=== INSTRUCTIONS FOR THE TASK ===
Your task is to copy every line of this material exactly.
[Start of Attachment]
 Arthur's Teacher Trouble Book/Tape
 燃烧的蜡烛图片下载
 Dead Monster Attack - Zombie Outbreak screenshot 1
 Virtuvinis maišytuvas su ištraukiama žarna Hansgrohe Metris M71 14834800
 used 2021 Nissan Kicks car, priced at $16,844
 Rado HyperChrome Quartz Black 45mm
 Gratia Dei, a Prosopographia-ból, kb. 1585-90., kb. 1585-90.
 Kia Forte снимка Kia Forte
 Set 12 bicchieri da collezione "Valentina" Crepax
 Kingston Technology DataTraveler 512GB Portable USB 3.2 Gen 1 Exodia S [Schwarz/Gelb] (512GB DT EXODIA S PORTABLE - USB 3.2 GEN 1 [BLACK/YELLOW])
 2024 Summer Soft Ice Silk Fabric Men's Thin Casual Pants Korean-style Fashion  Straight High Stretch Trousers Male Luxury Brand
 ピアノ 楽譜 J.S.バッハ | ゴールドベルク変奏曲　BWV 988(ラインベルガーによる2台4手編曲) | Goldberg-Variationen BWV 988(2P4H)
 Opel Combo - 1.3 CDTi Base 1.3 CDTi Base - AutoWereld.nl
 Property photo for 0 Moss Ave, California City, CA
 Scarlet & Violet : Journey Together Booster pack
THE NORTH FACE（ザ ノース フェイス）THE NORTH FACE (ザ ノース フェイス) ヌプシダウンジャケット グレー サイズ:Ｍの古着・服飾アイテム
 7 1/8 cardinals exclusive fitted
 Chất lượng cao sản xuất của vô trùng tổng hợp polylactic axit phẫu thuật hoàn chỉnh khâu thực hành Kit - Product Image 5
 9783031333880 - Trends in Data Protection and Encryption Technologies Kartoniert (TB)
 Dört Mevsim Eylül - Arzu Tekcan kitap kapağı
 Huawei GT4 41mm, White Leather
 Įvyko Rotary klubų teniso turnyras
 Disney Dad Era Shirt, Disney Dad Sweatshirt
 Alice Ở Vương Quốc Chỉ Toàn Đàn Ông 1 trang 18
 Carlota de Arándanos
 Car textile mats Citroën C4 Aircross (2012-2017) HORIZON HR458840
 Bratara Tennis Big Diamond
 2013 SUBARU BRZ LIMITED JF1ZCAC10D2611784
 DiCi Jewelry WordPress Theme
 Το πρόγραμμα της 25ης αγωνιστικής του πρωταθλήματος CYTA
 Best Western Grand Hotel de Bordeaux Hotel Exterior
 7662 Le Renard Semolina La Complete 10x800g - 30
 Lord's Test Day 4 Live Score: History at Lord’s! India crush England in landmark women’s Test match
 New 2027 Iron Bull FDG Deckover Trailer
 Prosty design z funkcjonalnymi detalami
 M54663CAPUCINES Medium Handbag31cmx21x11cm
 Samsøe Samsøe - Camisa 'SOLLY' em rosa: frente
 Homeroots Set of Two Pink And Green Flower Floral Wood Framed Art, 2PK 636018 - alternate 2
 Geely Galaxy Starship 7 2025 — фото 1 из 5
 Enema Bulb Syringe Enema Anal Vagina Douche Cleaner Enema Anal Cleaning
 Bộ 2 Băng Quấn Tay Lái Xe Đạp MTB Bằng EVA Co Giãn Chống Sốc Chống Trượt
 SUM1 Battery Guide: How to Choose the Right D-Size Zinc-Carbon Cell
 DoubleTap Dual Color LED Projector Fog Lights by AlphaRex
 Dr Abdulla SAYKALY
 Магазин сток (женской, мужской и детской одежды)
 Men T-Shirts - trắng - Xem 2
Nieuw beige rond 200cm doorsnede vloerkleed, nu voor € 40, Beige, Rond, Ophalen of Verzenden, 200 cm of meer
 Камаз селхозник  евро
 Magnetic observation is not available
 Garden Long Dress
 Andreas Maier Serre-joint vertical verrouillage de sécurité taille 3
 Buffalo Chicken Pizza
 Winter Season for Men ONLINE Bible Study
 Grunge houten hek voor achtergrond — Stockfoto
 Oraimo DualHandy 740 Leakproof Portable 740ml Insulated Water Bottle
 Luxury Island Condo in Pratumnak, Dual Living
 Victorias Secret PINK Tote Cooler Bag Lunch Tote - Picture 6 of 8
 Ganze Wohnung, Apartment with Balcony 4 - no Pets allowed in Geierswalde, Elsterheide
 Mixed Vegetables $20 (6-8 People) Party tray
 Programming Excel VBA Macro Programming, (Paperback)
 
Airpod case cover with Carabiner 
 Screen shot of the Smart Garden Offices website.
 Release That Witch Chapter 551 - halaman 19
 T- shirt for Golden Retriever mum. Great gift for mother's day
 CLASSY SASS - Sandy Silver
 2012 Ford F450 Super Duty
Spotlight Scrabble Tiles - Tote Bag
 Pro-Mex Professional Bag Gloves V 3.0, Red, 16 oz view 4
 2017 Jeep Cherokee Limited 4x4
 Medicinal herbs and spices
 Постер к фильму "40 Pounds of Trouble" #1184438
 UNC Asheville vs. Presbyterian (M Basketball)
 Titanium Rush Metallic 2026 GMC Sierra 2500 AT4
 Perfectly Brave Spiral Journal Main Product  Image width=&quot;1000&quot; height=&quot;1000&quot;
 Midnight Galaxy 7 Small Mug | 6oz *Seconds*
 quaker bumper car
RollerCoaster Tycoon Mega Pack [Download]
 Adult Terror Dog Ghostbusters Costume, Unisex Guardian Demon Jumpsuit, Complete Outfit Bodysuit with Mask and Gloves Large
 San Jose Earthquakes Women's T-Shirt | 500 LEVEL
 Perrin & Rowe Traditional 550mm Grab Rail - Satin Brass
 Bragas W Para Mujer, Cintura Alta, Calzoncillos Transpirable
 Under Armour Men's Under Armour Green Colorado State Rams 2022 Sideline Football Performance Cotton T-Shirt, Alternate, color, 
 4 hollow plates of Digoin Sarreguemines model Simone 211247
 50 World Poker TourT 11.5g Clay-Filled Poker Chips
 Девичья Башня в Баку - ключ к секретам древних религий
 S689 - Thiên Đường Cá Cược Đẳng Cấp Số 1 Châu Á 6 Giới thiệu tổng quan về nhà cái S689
[End of Attachment]
=== EXERCISE ANSWER ===
 Arthur's Teacher Trouble Book/Tape
 燃烧的蜡烛图片下载
 Dead Monster Attack - Zombie Outbreak screenshot 1
 Virtuvinis maišytuvas su ištraukiama žarna Hansgrohe Metris M71 14834800
 used 2021 Nissan Kicks car, priced at $16,844
 Rado HyperChrome Quartz Black 45mm
 Gratia Dei, a Prosopographia-ból, kb. 1585-90., kb. 1585-90.
 Kia Forte снимка Kia Forte
 Set 12 bicchieri da collezione "Valentina" Crepax
 Kingston Technology DataTraveler 512GB Portable USB 3.2 Gen 1 Exodia S [Schwarz/Gelb] (512GB DT EXODIA S PORTABLE - USB 3.2 GEN 1 [BLACK/YELLOW])
 2024 Summer Soft Ice Silk Fabric Men's Thin Casual Pants Korean-style Fashion  Straight High Stretch Trousers Male Luxury Brand
 ピアノ 楽譜 J.S.バッハ | ゴールドベルク変奏曲　BWV 988(ラインベルガーによる2台4手編曲) | Goldberg-Variationen BWV 988(2P4H)
 Opel Combo - 1.3 CDTi Base 1.3 CDTi Base - AutoWereld.nl
 Property photo for 0 Moss Ave, California City, CA
 Scarlet & Violet : Journey Together Booster pack
THE NORTH FACE（ザ ノース フェイス）THE NORTH FACE (ザ ノース フェイス) ヌプシダウンジャケット グレー サイズ:Ｍの古着・服飾アイテム
 7 1/8 cardinals exclusive fitted
 Chất lượng cao sản xuất của vô trùng tổng hợp polylactic axit phẫu thuật hoàn chỉnh khâu thực hành Kit - Product Image 5
 9783031333880 - Trends in Data Protection and Encryption Technologies Kartoniert (TB)
 Dört Mevsim Eylül - Arzu Tekcan kitap kapağı
 Huawei GT4 41mm, White Leather
 Įvyko Rotary klubų teniso turnyras
 Disney Dad Era Shirt, Disney Dad Sweatshirt
 Alice Ở Vương Quốc Chỉ Toàn Đàn Ông 1 trang 18
 Carlota de Arándanos
 Car textile mats Citroën C4 Aircross (2012-2017) HORIZON HR458840
 Bratara Tennis Big Diamond
 2013 SUBARU BRZ LIMITED JF1ZCAC10D2611784
 DiCi Jewelry WordPress Theme
 Το πρόγραμμα της 25ης αγωνιστικής του πρωταθλήματος CYTA
 Best Western Grand Hotel de Bordeaux Hotel Exterior
 7662 Le Renard Semolina La Complete 10x800g - 30
 Lord's Test Day 4 Live Score: History at Lord’s! India crush England in landmark women’s Test match
 New 2027 Iron Bull FDG Deckover Trailer
 Prosty design z funkcjonalnymi detalami
 M54663CAPUCINES Medium Handbag31cmx21x11cm
 Samsøe Samsøe - Camisa 'SOLLY' em rosa: frente
 Homeroots Set of Two Pink And Green Flower Floral Wood Framed Art, 2PK 636018 - alternate 2
 Geely Galaxy Starship 7 2025 — фото 1 из 5
 Enema Bulb Syringe Enema Anal Vagina Douche Cleaner Enema Anal Cleaning
 Bộ 2 Băng Quấn Tay Lái Xe Đạp MTB Bằng EVA Co Giãn Chống Sốc Chống Trượt
 SUM1 Battery Guide: How to Choose the Right D-Size Zinc-Carbon Cell
 DoubleTap Dual Color LED Projector Fog Lights by AlphaRex
 Dr Abdulla SAYKALY
 Магазин сток (женской, мужской и детской одежды)
 Men T-Shirts - trắng - Xem 2
Nieuw beige rond 200cm doorsnede vloerkleed, nu voor € 40, Beige, Rond, Ophalen of Verzenden, 200 cm of meer
 Камаз селхозник  евро
 Magnetic observation is not available
 Garden Long Dress
 Andreas Maier Serre-joint vertical verrouillage de sécurité taille 3
 Buffalo Chicken Pizza
 Winter Season for Men ONLINE Bible Study
 Grunge houten hek voor achtergrond — Stockfoto
 Oraimo DualHandy 740 Leakproof Portable 740ml Insulated Water Bottle
 Luxury Island Condo in Pratumnak, Dual Living
 Victorias Secret PINK Tote Cooler Bag Lunch Tote - Picture 6 of 8
 Ganze Wohnung, Apartment with Balcony 4 - no Pets allowed in Geierswalde, Elsterheide
 Mixed Vegetables $20 (6-8 People) Party tray
 Programming Excel VBA Macro Programming, (Paperback)
 
Airpod case cover with Carabiner 
 Screen shot of the Smart Garden Offices website.
 Release That Witch Chapter 551 - halaman 19
 T- shirt for Golden Retriever mum. Great gift for mother's day
 CLASSY SASS - Sandy Silver
 2012 Ford F450 Super Duty
Spotlight Scrabble Tiles - Tote Bag
 Pro-Mex Professional Bag Gloves V 3.0, Red, 16 oz view 4
 2017 Jeep Cherokee Limited 4x4
 Medicinal herbs and spices
 Постер к фильму "40 Pounds of Trouble" #1184438
 UNC Asheville vs. Presbyterian (M Basketball)
 Titanium Rush Metallic 2026 GMC Sierra 2500 AT4
 Perfectly Brave Spiral Journal Main Product  Image width=&quot;1000&quot; height=&quot;1000&quot;
 Midnight Galaxy 7 Small Mug | 6oz *Seconds*
 quaker bumper car
RollerCoaster Tycoon Mega Pack [Download]
 Adult Terror Dog Ghostbusters Costume, Unisex Guardian Demon Jumpsuit, Complete Outfit Bodysuit with Mask and Gloves Large
 San Jose Earthquakes Women's T-Shirt | 500 LEVEL
 Perrin & Rowe Traditional 550mm Grab Rail - Satin Brass
 Bragas W Para Mujer, Cintura Alta, Calzoncillos Transpirable
 Under Armour Men's Under Armour Green Colorado State Rams 2022 Sideline Football Performance Cotton T-Shirt, Alternate, color, 
 4 hollow plates of Digoin Sarreguemines model Simone 211247
 50 World Poker TourT 11.5g Clay-Filled Poker Chips
 Девичья Башня в Баку - ключ к секретам древних религий
 S689 - Thiên Đường Cá Cược Đẳng Cấp Số 1 Châu Á 6 Giới thiệu tổng quan về nhà cái S689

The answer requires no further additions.